> [Information supplied]
****************************************
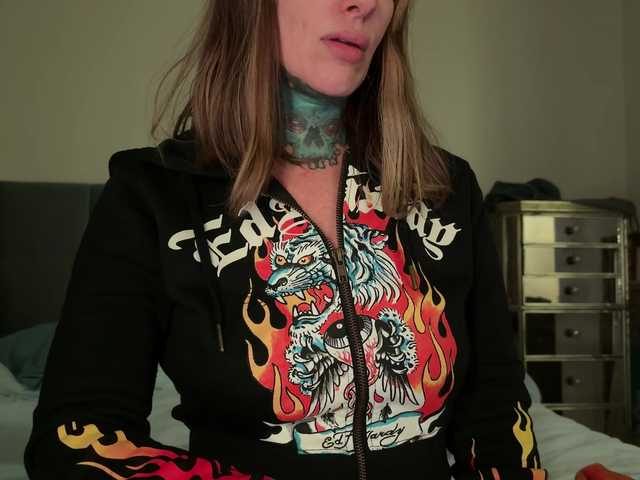 iiixbostonxiii's BongaCams show and profile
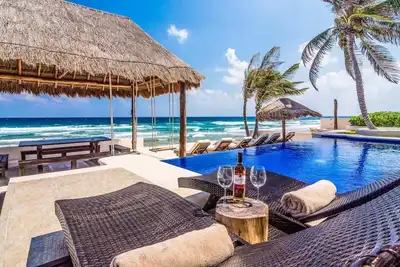 Image de Beachfront 6-bedroom villa in Tankah Bay!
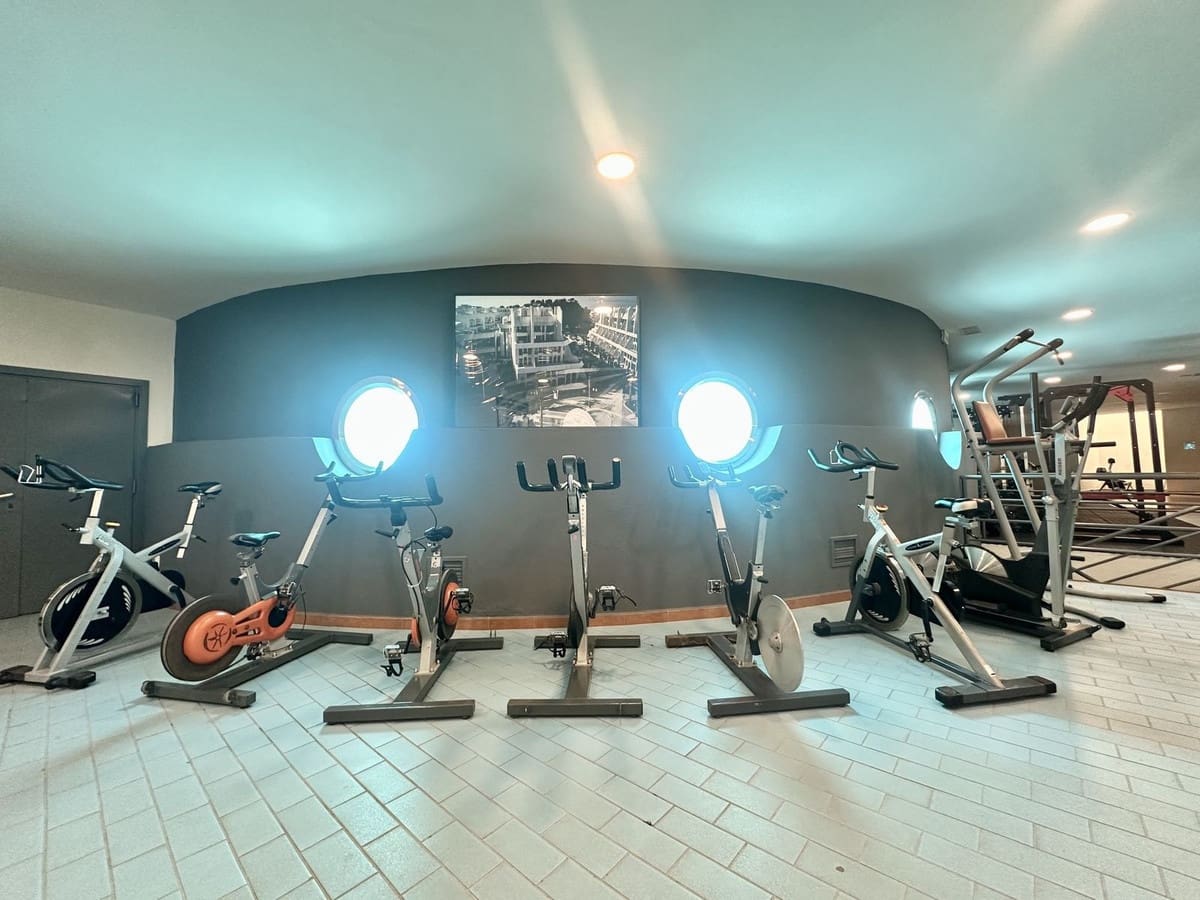 2 quarto Apartamento de Praia para arrendar em Marbella com piscina garagem - 3 000 € (Ref: 10012529)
****************************************
Reproduce the listing exactly, but omit every picture in it.

> [Exercise result]
 iiixbostonxiii's BongaCams show and profile
 Image de Beachfront 6-bedroom villa in Tankah Bay!
 2 quarto Apartamento de Praia para arrendar em Marbella com piscina garagem - 3 000 € (Ref: 10012529)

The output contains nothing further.